Aspettavo questo film da quando uscì il primo trailer l’estate scorsa. Lo aspettavo da così tanto tempo che per un periodo mi sono persino dimenticato della sua esistenza.
Come potevo perdermi uno dei miei registi preferiti e uno dei pochi di cui abbia visto tutti i lungometraggi (Iñarritu) ed un cast composto da uno che è entrato nel mio cuore già solo per American History X e Fight Club (Norton, ovviamente) La ragazza di cui sono innamorato follemente (Emma Stone), quella gigante di Naomi Watts e Lui, l’anima del film, Michael Keaton? ovvio non potevo.

Lo spettatore sprovveduto o distratto che entra in sala convinto di assistere ad un film di supereroi, sbaglia. Il film è proprio l’opposto. Non è un cinecomic, ne è a suo modo una critica. Come da tradizione, Iñarritu analizza i drammi esistenziali dei personaggi che popolano i suoi film, che in questo caso tutto sono fuorché supereroi. Nello specifico, il protagonista (Riggan Thomson) è un ex attore, che ha raggiunto l’apice della popolarità grazie alla sua interpretazione di Birdman, (un supereroe) ma che, stufo del ruolo, molla tutto e decide di diventare un attore di teatro e di portare in scena, rischiando il tutto per tutto, l’opera di Raymond Carver “di cosa parliamo quando parliamo d’amore”. Riggan però è in lotta, oltre che con gli imprevisti, anche con i comportamenti imprevedibili dell’eclettico collega Mike, con critici troppo severi che minacciano di stroncarlo senza neppure aver visto l’opera e…con sé stesso. Infatti l’attore, viene continuamente ossessionato dall’incarnazione del personaggio che lo rese famoso, Birdman, che appare ogni volta che qualcosa va storto e cerca di convincerlo (o sarebbe meglio dire, cerca di autoconvincersi) che sia l’ora di rimettere il costume e ritornare ad essere la star di Hollywood che fu. Ovviamente Riggan non vuole saperne, ed è deciso a continuare la sua nuova carriera di attore teatrale, dedicandosi ad opere maggiormente profonde, anche se meno remunerative.
Ai tormenti del protagonista, fanno da sfondo quelli della figlia, ex tossicodipendente in lotta per uscire del tutto; quelli della ex moglie, preoccupata per la riuscita dell’opera, che se fallisse pregiudicherebbe la sua carriera, quella del marito e di conseguenza le loro finanze e la casa della loro figlia, ipotecata per raccogliere fondi per realizzare l’opera; Quelli dell’attuale compagna di Riggan che non si sente abbastanza amata; Quelli di Mike, che fa lo spaccone solo per nascondere la solitudine ed una fragilità di fondo.
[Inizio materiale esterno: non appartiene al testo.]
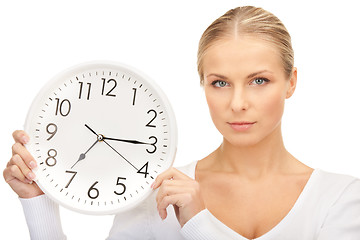 Image showing woman holding big clock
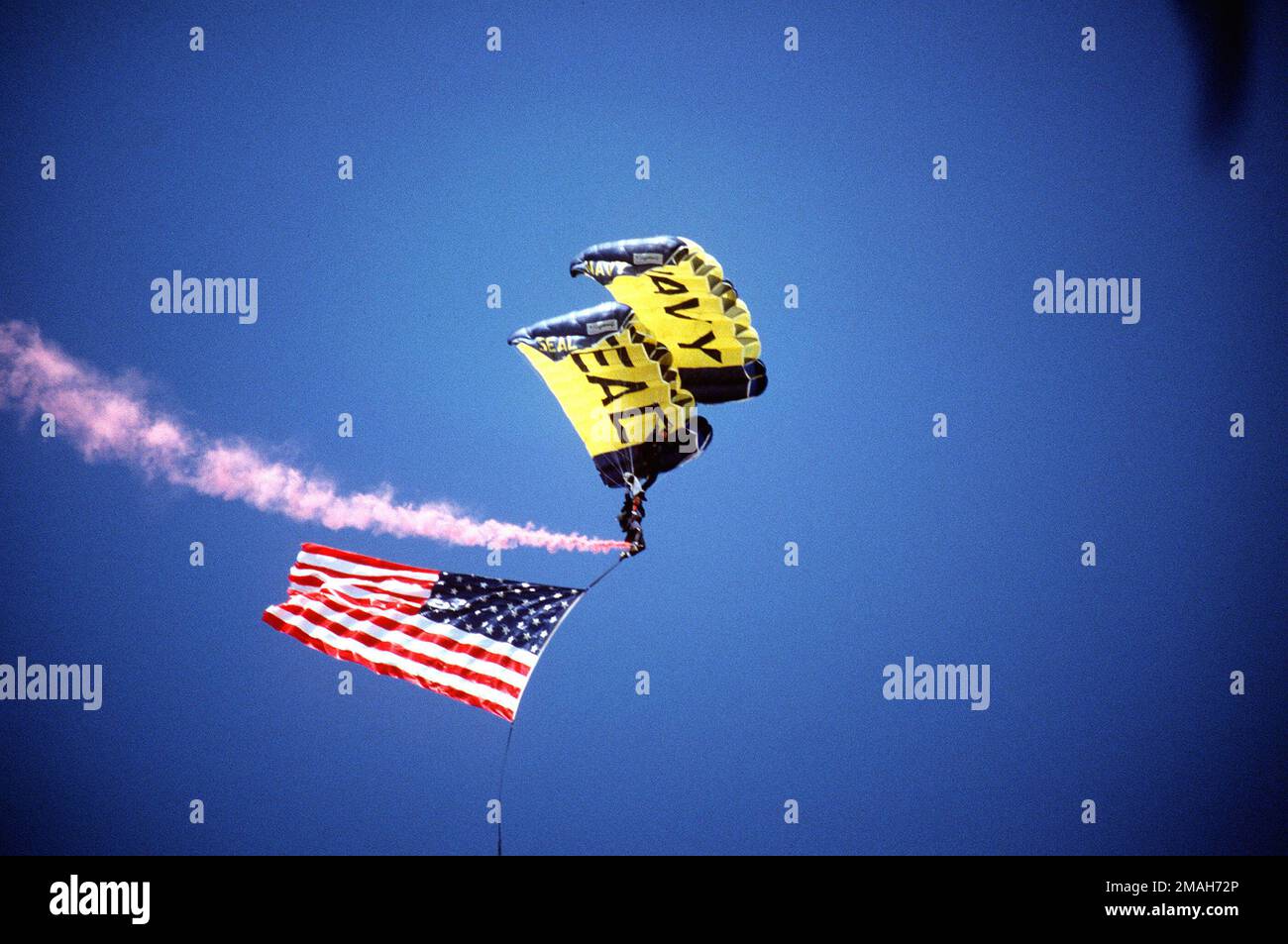 Two members of the U.S. Navy's parachute team, the Leap Frogs, open the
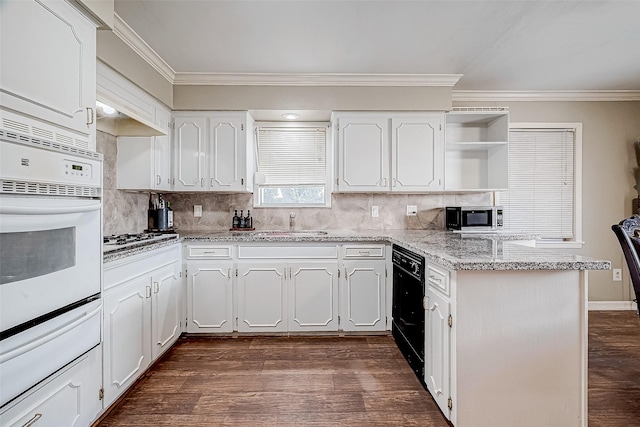 kitchen with white cabinetry, decorative backsplash, stainless steel gas cooktop, light stone counters, and white oven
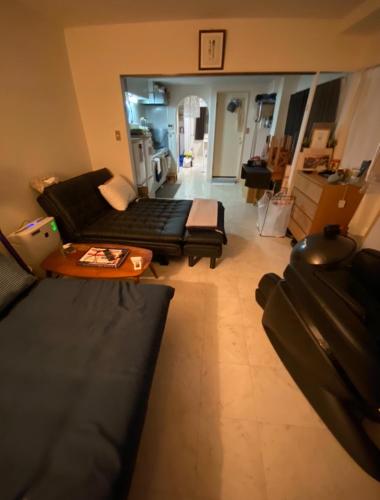 a living room with a couch and a table at Azabujuban Properties 401 - the sanctuary in Tokyo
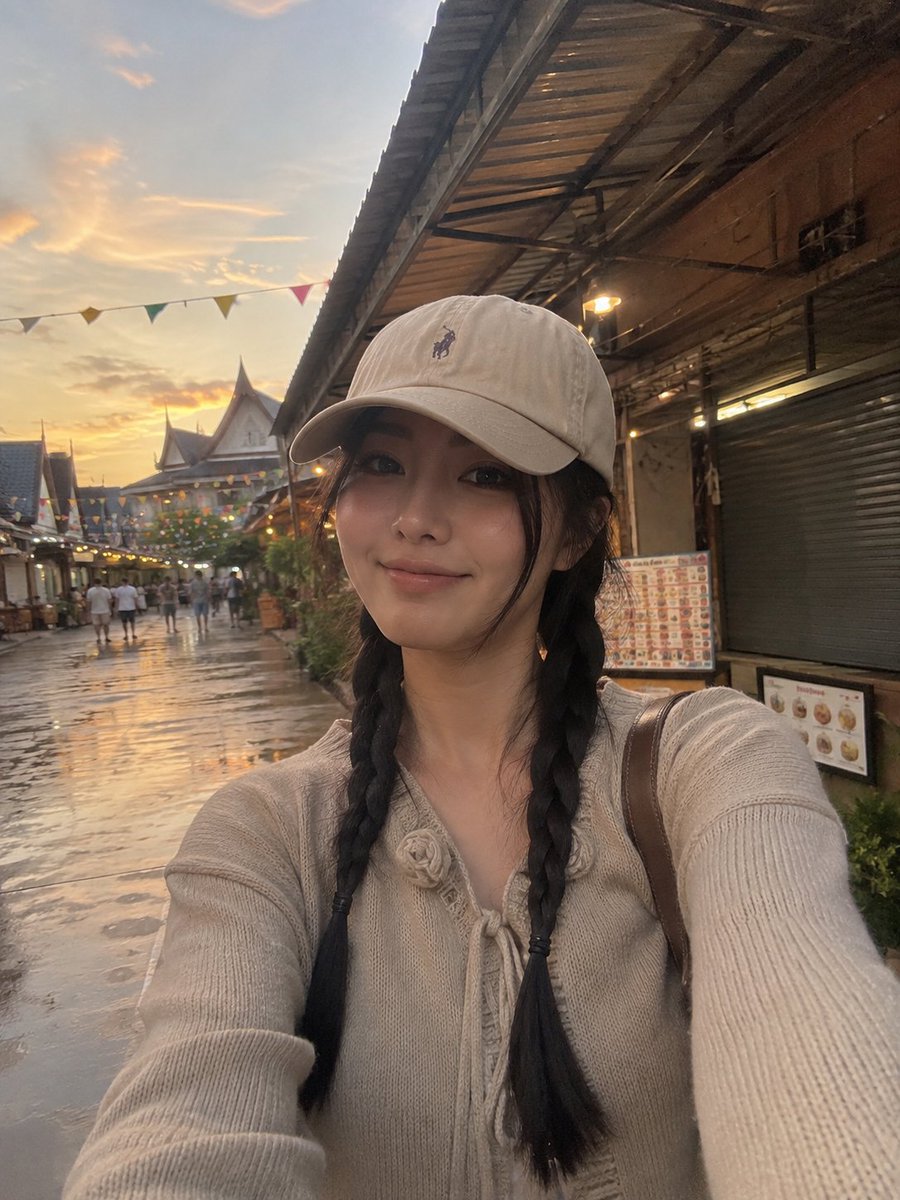 一张照片级写实的竖版旅行自拍照：一位年轻女性在黄金时段身处热闹的集市或旅游村落户外。她戴着米色棒球帽，帽子带有低调的刺绣标志；乌黑长发编成两条整齐的辫子，垂落…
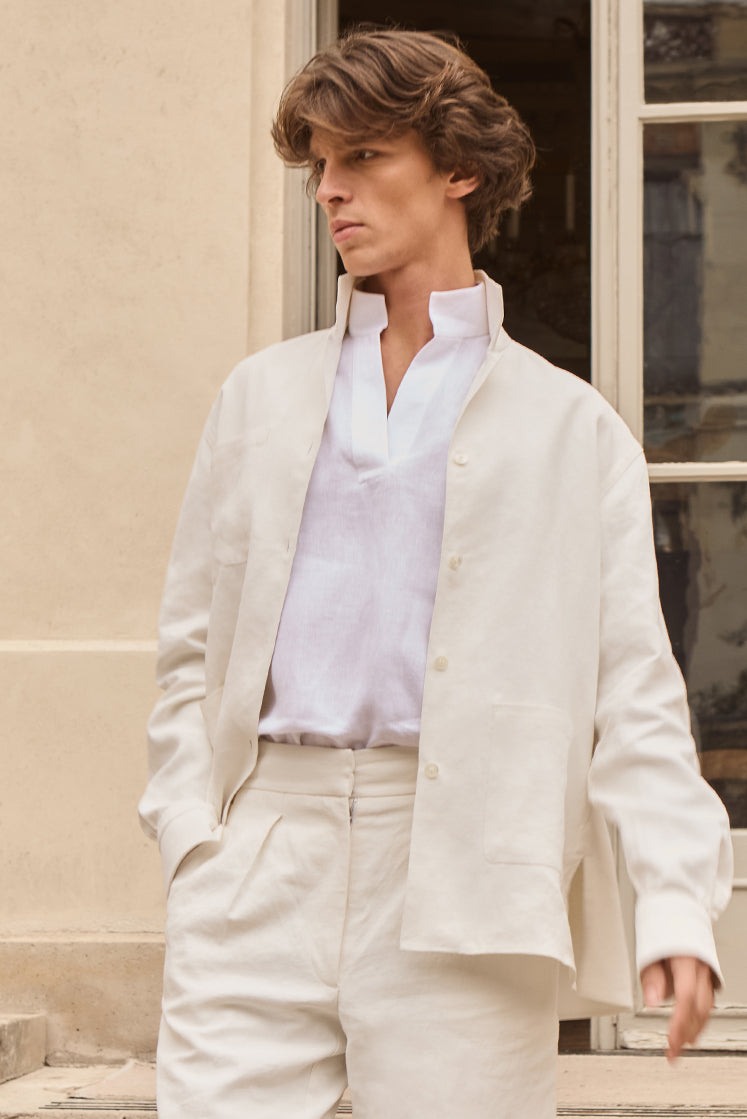 Homme portant un look blanc avec une este et un pantalon en lin épais, et une chemise à col haut en lin fin, une main dans sa poche, regardant l'horizon.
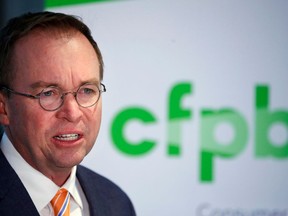 FILE - In this Nov. 27, 2017, file photo, Mick Mulvaney speaks during a news conference after his first day as acting director of the Consumer Financial Protection Bureau in Washington. Mulvaney promised to shrink the bureau's mandate and take a much softer approach to enforcement, and records reviewed by The Associated Press indicate he has kept his word.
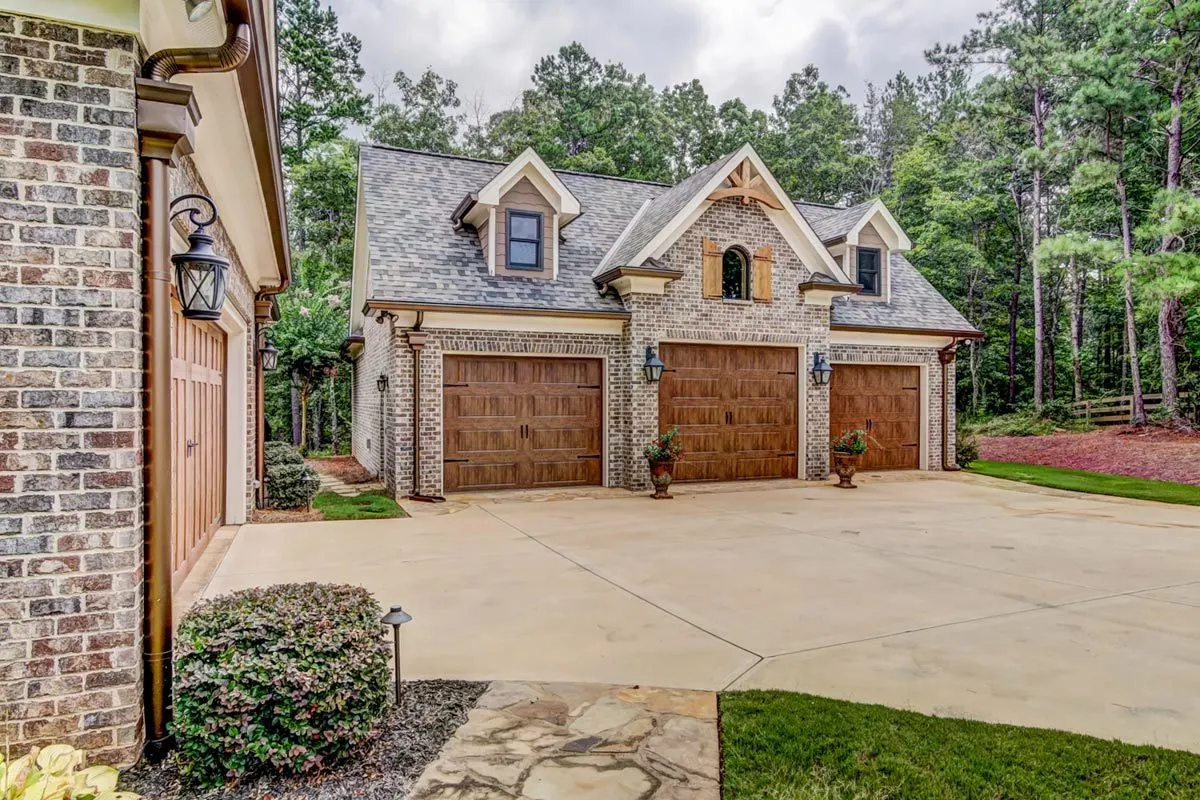 Detached garage area with three doors in wooden accent design.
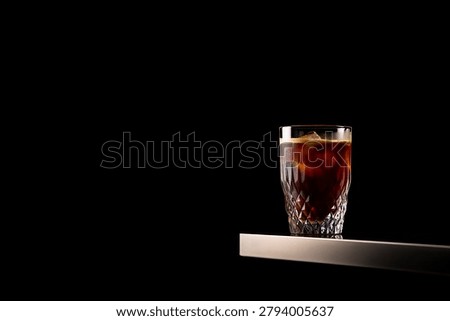 Cold Brew Coffee with Ice Cubes on Black Background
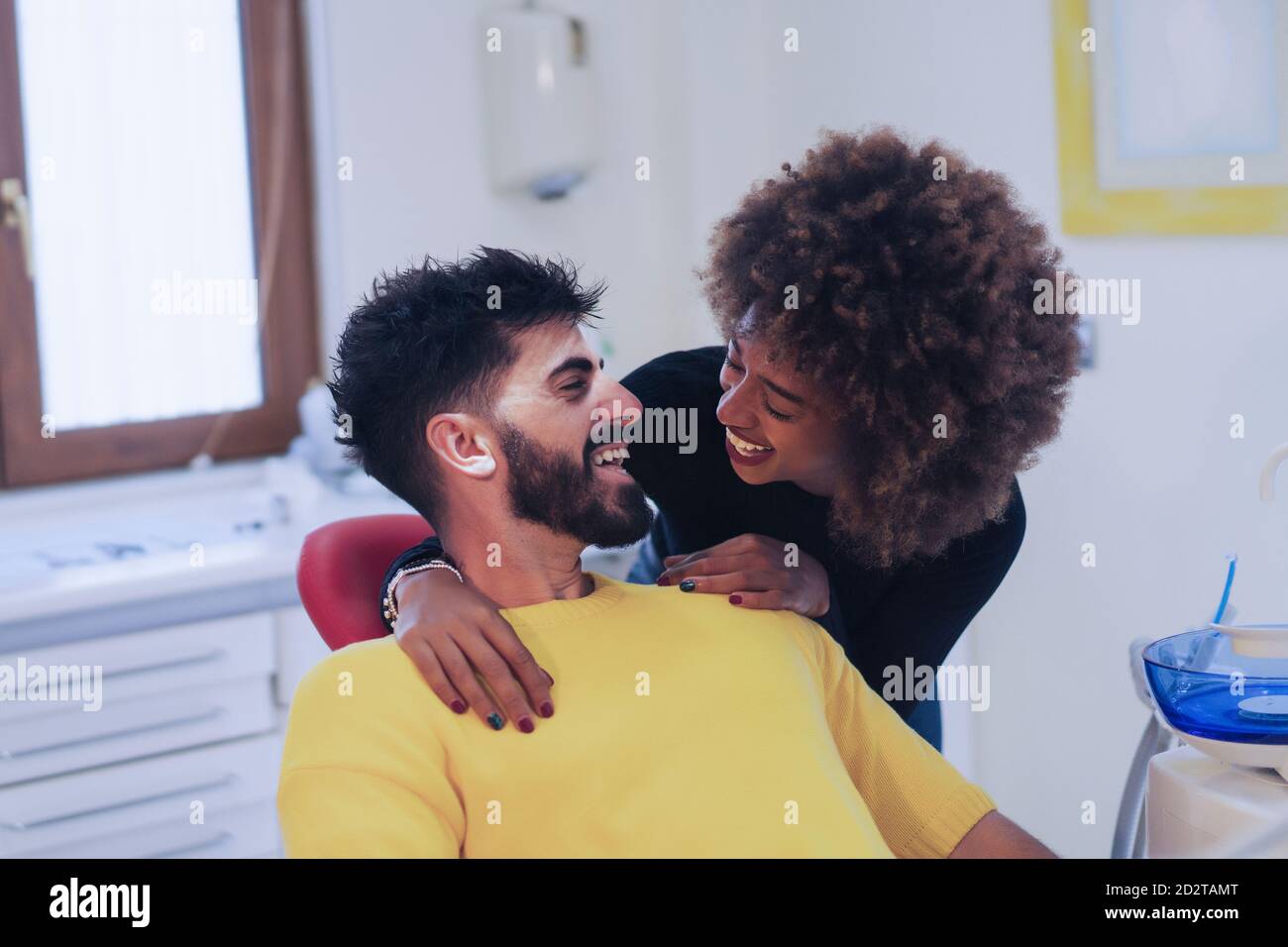 Giovane donna afroamericana sorridente e guardando alato ispanico uomo mentre visita dentista insieme Foto Stock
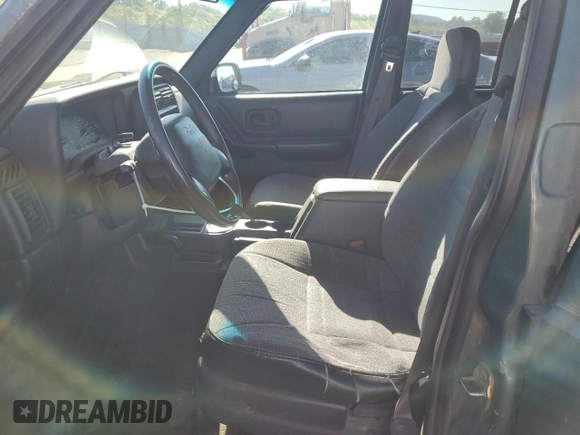 2000 Jeep Cherokee with VIN 1J4FF48S0YL198802, listed as a Copart auction lot 59996915 with 249,756 mi miles and Salvage title. Bid and sale history available at DreamBid. Image 7.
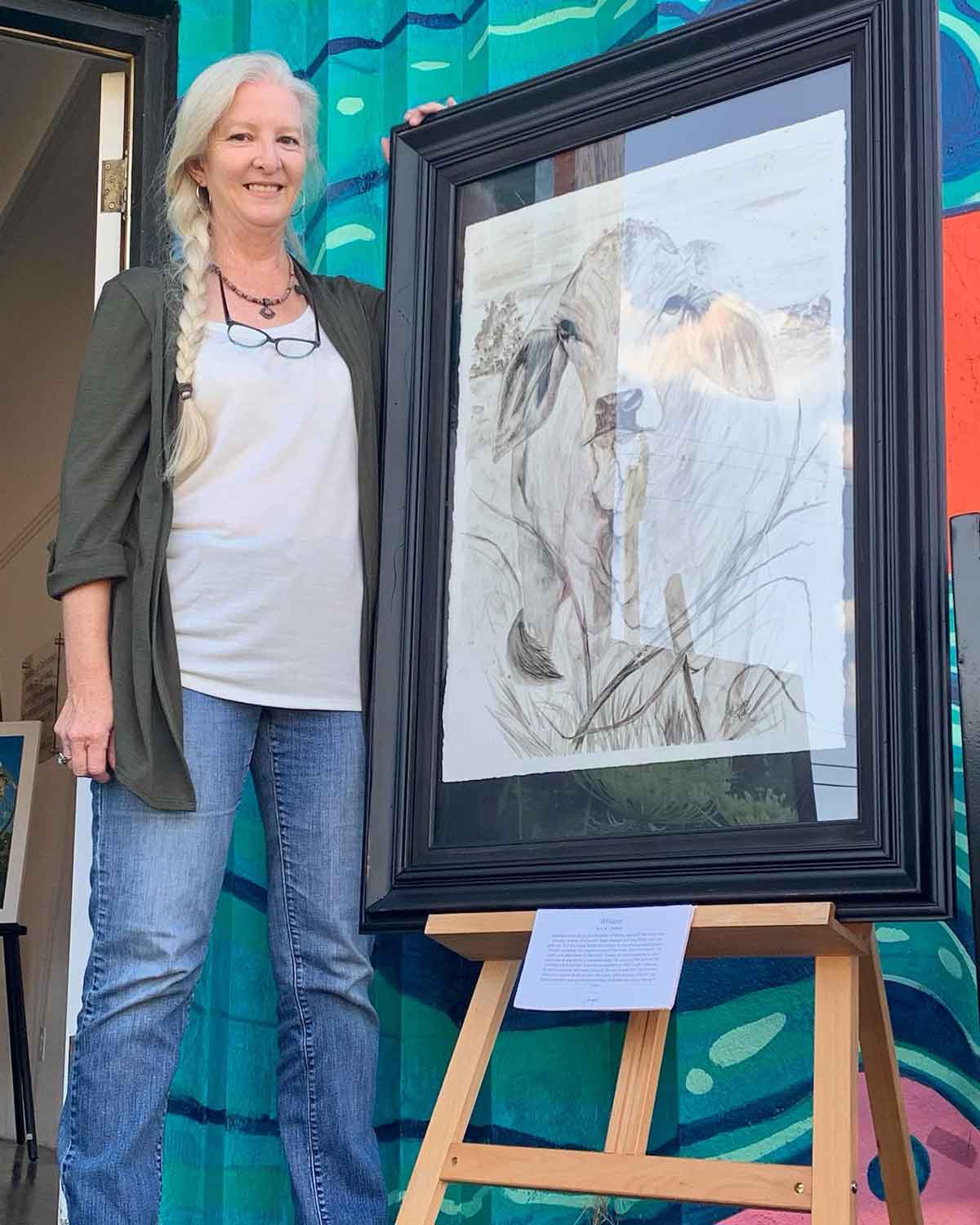 The framed painting of Whisper, with Madison Woods (the artist) for size context.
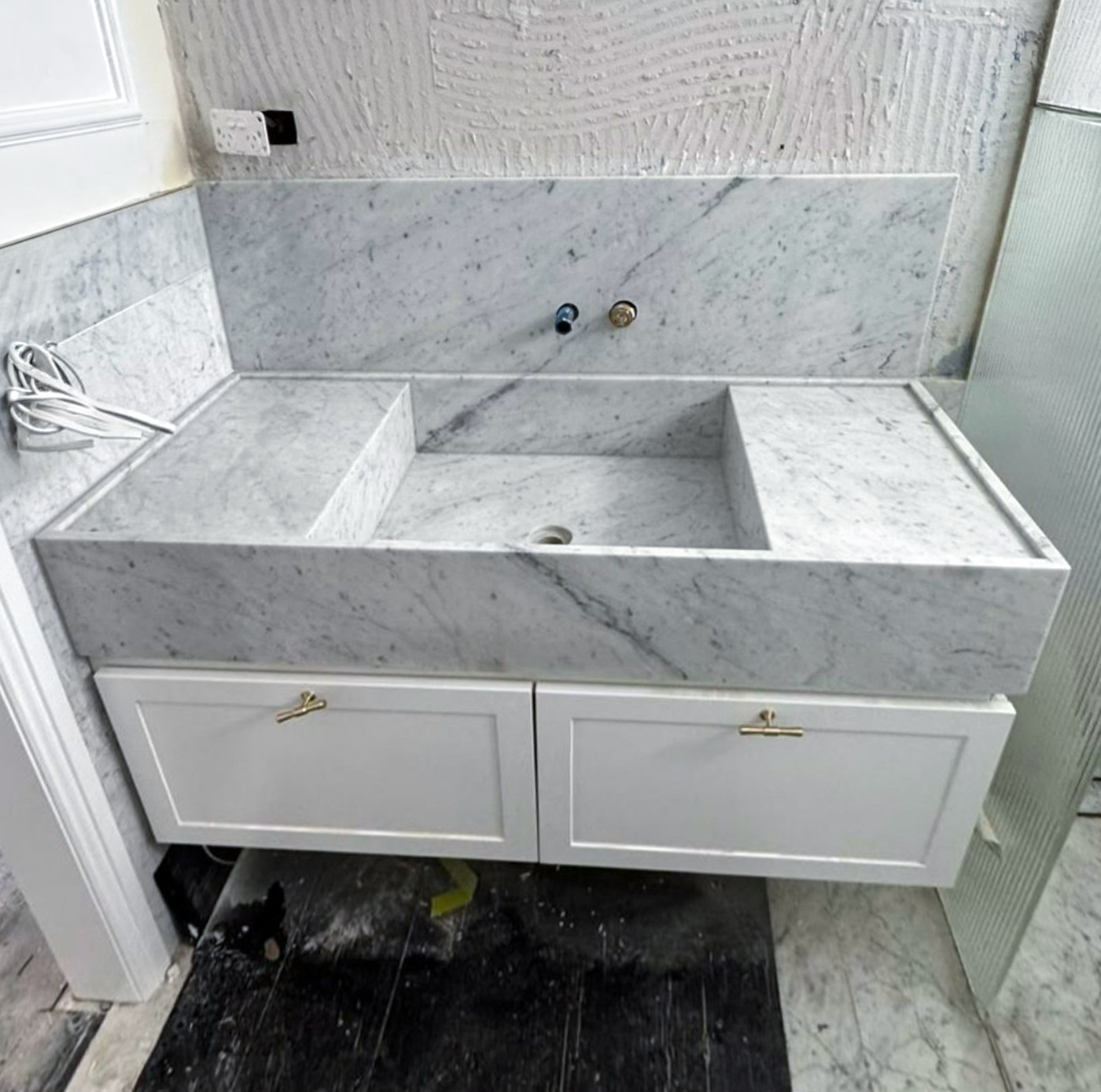 integrated trough with a matching stone splashback. Marble Hub install, Sydney.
Personalmente penso che sia stata una bella mossa quella di affidare la parte a Michael Keaton. Anche lui, come il personaggio che interpreta, dopo i fasti di “Batman” e “Batman – Il ritorno” è finito per anni nell’oblio, nonostante i numerosi film in cui ha continuato a lavorare.
Penso che interpretare Riggan, in fondo abbia emozionato anche lui. e a proposito del nostro protagonista, notevoli, inoltre, i suoi viaggi con la fantasia e il contrasto tra mondo reale e mondo onirico che ti fanno chiedere “ma sta volando davvero?” “ma si sta davvero buttando da un palazzo?” “ma si suicida davvero?” “Ma la pistola è vera o falsa?”

La sorpresa del film però per me è stata Zach Galifianakis noto per film come la trilogia degli Hangover (una notte da leoni) e “parto col folle”. Sapevo che fosse un grande attore, e finalmente sono riuscito a vederlo in un film dove non fa l’idiota totale. Non mi ha deluso.

Dulcis in fundo, vado a memoria, credo sia stato il primo film di Iñarritu, in cui ci sia stato un po’ di spazio per le risate. Ci sono frangenti in cui innegabilmente si ride.

Ps. Michael in maschera fa ancora la sua porca figura
Ps. 2 Ma quando alla fine del film è all’ospedale solo io che mi sono autosuggestionato e ho notato che le bende formassero la maschera di Batman o l’omaggio c’era realmente?